The Redwood Empire Ice Arena (commonly known as Snoopy's Home Ice) is an indoor ice rink in Santa Rosa, California, United States. It was owned and built by Peanuts cartoonist Charles M. Schulz, and it opened on April 28, 1969. It was originally conceived, designed, and operated by his first wife Joyce Schulz.

The Arena offers public skating, private ice time, figure skating, junior hockey, and adult hockey. It is also host to the annual Snoopy's Senior World Hockey Tournament, in which 64 senior teams from all over the world come to Santa Rosa for a week-long hockey tournament in the summer. The arena has about 500 permanent seats for hockey games, but this can be expanded to 3,000 seats for concerts and other events. The arena is also home to the junior hockey Santa Rosa Flyers, the Cardinal Newman High School hockey team, and the Santa Rosa Figure Skating Club.

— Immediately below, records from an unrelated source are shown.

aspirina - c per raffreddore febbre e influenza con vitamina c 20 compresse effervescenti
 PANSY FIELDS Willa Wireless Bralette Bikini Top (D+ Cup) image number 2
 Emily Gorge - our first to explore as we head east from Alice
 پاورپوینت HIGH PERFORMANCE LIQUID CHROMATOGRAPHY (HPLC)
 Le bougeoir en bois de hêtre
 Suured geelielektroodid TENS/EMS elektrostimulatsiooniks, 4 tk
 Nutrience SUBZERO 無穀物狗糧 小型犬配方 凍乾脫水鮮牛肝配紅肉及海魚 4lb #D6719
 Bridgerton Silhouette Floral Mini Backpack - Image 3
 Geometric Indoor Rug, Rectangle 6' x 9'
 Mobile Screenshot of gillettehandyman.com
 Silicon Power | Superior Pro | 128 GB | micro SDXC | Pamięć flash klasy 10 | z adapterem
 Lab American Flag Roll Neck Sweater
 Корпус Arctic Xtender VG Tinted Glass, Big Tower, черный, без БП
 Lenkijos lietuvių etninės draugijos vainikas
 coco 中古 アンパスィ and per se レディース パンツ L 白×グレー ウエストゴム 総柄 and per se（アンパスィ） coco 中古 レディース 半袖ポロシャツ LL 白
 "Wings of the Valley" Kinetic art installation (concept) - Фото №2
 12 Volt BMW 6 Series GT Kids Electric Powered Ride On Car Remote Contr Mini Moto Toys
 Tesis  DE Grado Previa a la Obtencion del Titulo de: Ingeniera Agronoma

The Arena, located just down the street from the Charles M. Schulz Museum and Research Center, features The Warm Puppy Café, which serves cafe drinks and meals.

Across the parking lot from the Arena is Snoopy's Gallery and Gift Shop where people can buy Peanuts-related products as well as figure skating and hockey equipment.

In the summer of 2019, the ice rink was closed and underwent renovations for the first time since the arena opened a half-century earlier. The rink re-opened in November.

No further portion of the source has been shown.